Data to process »
BEGIN
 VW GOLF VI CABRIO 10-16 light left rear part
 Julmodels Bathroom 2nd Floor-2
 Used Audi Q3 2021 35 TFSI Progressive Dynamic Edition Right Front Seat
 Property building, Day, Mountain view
END
BEGIN
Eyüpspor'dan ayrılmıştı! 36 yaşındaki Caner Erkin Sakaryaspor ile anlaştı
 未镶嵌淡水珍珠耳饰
END
Task » Beginning with the line above that contains "VW GOLF VI CABRIO 10-16 light left rear part", copy each line exactly up to and including the line that contains "Property building, Day, Mountain view", and go no further.

Exercise response »
 VW GOLF VI CABRIO 10-16 light left rear part
 Julmodels Bathroom 2nd Floor-2
 Used Audi Q3 2021 35 TFSI Progressive Dynamic Edition Right Front Seat
 Property building, Day, Mountain view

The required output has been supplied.